• _Required action_
Print out the entries from the line containing "The stall also" through the last line, exactly, and print nothing else. Pictures are not copied.

• _Information shown_
┄┄┄┄┄┄┄┄┄┄┄┄┄┄┄┄┄┄┄┄

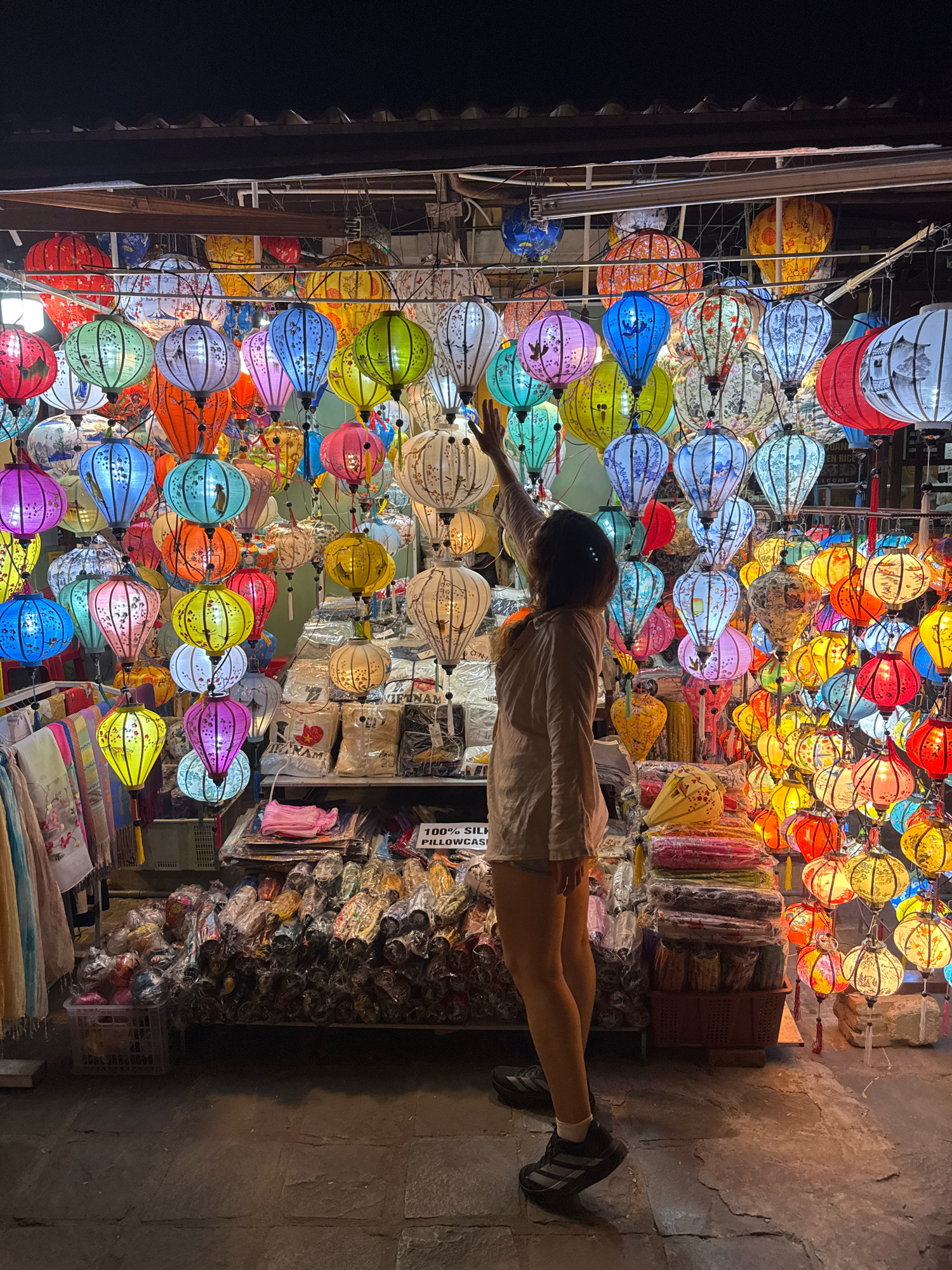 This image captures a nighttime scene in the ancient town of Hoi An, Vietnam, likely on a street lined with shops. The focal point is a stall overflowing with a vibrant array of colorful lanterns, illuminated and hanging from overhead structures. The lanterns are of various shapes and sizes, predominantly round and teardrop, decorated with intricate patterns and designs.
A lone individual, seen from the back, stands in front of the lantern display, reaching up towards one of the hanging lanterns. The person is wearing a light-colored shirt and shorts, and dark athletic shoes. Their posture suggests they are interacting with the lanterns, possibly admiring or selecting one.
The stall also displays various other items for sale, including textiles, such as scarves or fabric rolls, neatly folded and stacked. Some items are packaged, indicating they are ready for purchase. The ground in front of the stall appears to be paved with stone, showing signs of wear and the texture of age. The overall atmosphere is illuminated by the warm glow of the lanterns, creating a festive and inviting ambiance characteristic of Hoi An's night markets.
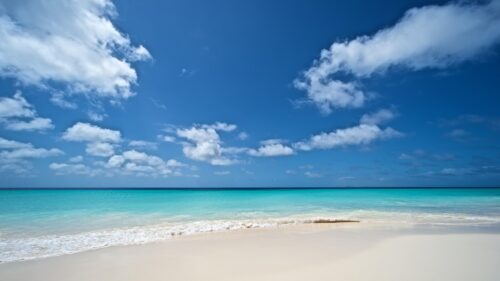 Stunning Tropical Beach with Turquoise Water and Clear Blue Sky PC Wallpaper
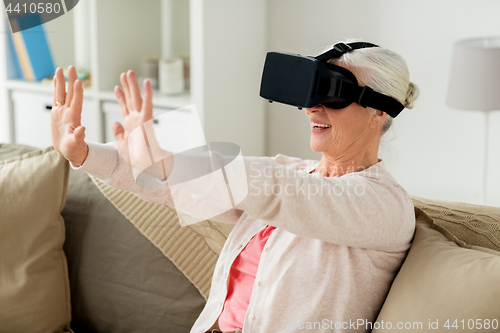 Image of old woman in virtual reality headset or 3d glasses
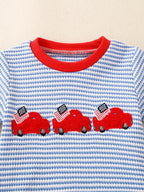 Light blue striped baby tee with three red car motifs and flag details, front close-up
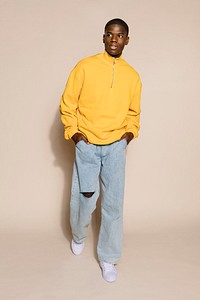 Handsome young man in yellow sweater and jeans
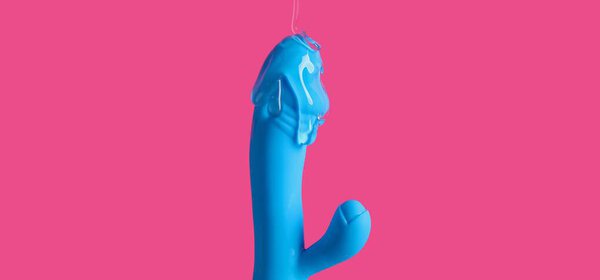 Vibrator covered with lubricant on bright pink background, closeup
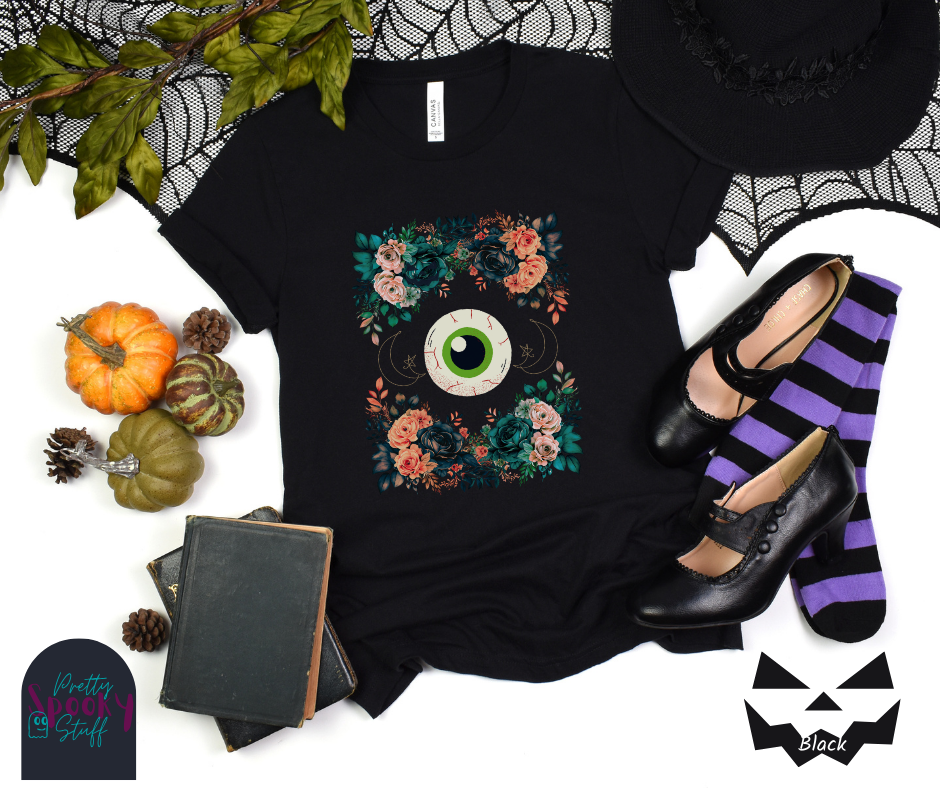Unique Halloween shirt with large eye in the middle, with gold line drawing of crescent moon and star, and four bunches of pink and blue flowers forming a frame around it, in black.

┄┄┄┄┄┄┄┄┄┄┄┄┄┄┄┄┄┄┄┄

• _Answer to this problem_
The stall also displays various other items for sale, including textiles, such as scarves or fabric rolls, neatly folded and stacked. Some items are packaged, indicating they are ready for purchase. The ground in front of the stall appears to be paved with stone, showing signs of wear and the texture of age. The overall atmosphere is illuminated by the warm glow of the lanterns, creating a festive and inviting ambiance characteristic of Hoi An's night markets.
 Stunning Tropical Beach with Turquoise Water and Clear Blue Sky PC Wallpaper
 Image of old woman in virtual reality headset or 3d glasses
 Light blue striped baby tee with three red car motifs and flag details, front close-up
 Handsome young man in yellow sweater and jeans
 Vibrator covered with lubricant on bright pink background, closeup
Unique Halloween shirt with large eye in the middle, with gold line drawing of crescent moon and star, and four bunches of pink and blue flowers forming a frame around it, in black.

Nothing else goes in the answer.